La tension ne baisse pas entre les acteurs des médias et le ministère de la Commu­nication, des télécommunications et du numérique. En effet, dans un communiqué conjoint, le Conseil des diffuseurs et éditeurs de presse du Sénégal (Cdeps) et l’Association des éditeurs et professionnels de la presse en ligne (Appel) dénoncent la tentative de criminalisation de l’activité de presse, orchestrée selon eux par le ministre en charge du secteur. L’affaire a éclaté ce mercredi 26 février 2025 à travers la manchette du journal Libération, révélant la saisine du ministère de l’Intérieur par le ministre de la Communication. L’objectif ? Activer la Direction de la surveillance du territoire (Dst) et la Division spéciale de la cybercriminalité (Dsc) pour appliquer des «mesures de régulation» qui, selon les professionnels du secteur, remettent en cause la liberté de la presse. «Le Cdeps et l’Appel sont scandalisés par les errements du ministre de tutelle, qui viole allègrement la Constitution et le Code de la presse», s’indignent les organisations patronales des médias.

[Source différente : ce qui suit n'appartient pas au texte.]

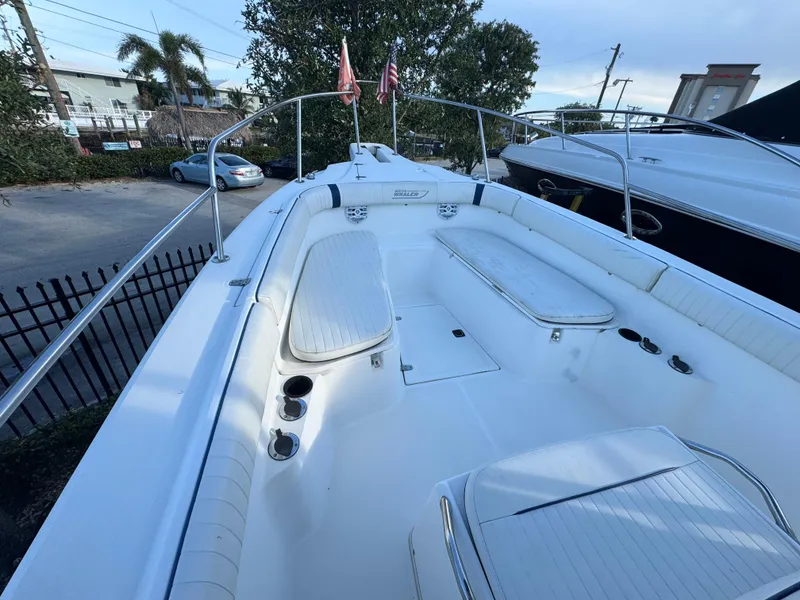 Slide: The Image of 2000 Boston Whaler 26 Outrage boat with spacious seating and sleek design. - 38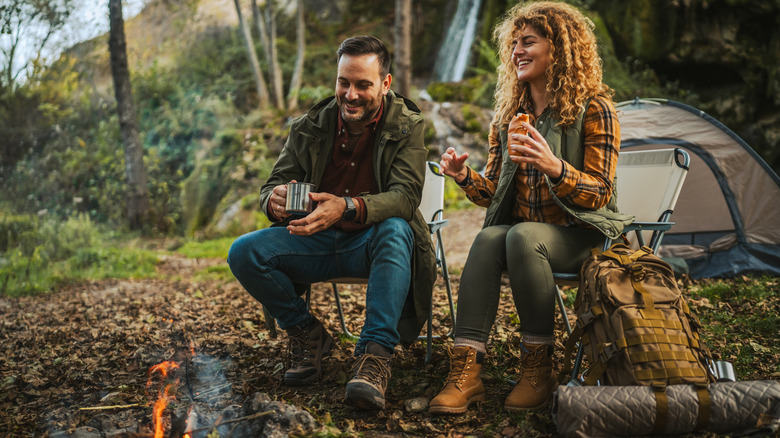 happy man and woman having fun eating while camping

Mamadou Ibra Kane et Ibrahima Lissa Faye fustigent une démarche jugée unilatérale, marquée par des «irrégularités, omissions et failles techniques avouées par le ministère lui-même». Dans leur communiqué, ils pointent particulièrement du doigt le processus de validation des entreprises de presse. Selon eux, après la publication d’une première liste de médias «reconnus», puis d’une seconde liste de médias «conformes», le flou persiste. «Si la deuxième liste est effectivement définitive, qu’est-ce qui empêche le ministre de la matérialiser par un arrêté ministériel ?», s’interrogent les deux organisations. Depuis le 6 février, date de la publication de cette liste, aucune clarification n’a été apportée, alors même que des «erreurs monumentales compromettent la sincérité du processus».

Dans leur communiqué, ils rappellent leur engagement constant en faveur d’une régulation et d’une professionnalisation du secteur. «Depuis 2016, la Coordination des associations de presse (Cap) et les Assises nationales des médias ont posé les bases d’un travail de réforme. Pourtant, malgré les recommandations issues de ces concertations, le ministre de la Communication s’est lamentablement fourvoyé depuis le début, durant les 11 mois de son magistère», déplorent les acteurs des médias. Ainsi, face à ce qu’ils perçoivent comme une gestion autoritaire et opaque, le Cdeps et l’Appel en appellent directement au président de la République et au Premier ministre. «Le Cdeps et l’Appel sont foncièrement convaincus que le Sénégal est un Etat de Droit. Ils comptent se donner tous les moyens légaux pour freiner ce ministre qui est comme un éléphant dans un magasin de porcelaine», préviennent-ils, rappelant que depuis que le chef de l’Etat, Bassirou Diomaye Diakhar Faye, a donné des instructions au gouvernement, en Conseil des ministres du 13 août 2024, pour un «dialogue rénové» avec les acteurs des médias, aucun acte n’a été posé. Pire, selon eux, le ministre de la Commu­nication «snobe les acteurs et déroule son agenda en solo».

Cette attitude suscite l’indignation dans un secteur déjà en crise. «Aujourd’hui, le secteur des médias connaît une crise sans précédent, aggravée par le ministre de la Commu­nication, avec comme corollaires des entreprises de presse en situation de faillite, des licenciements et des travailleurs plongés dans la précarité», alertent les organisations de presse.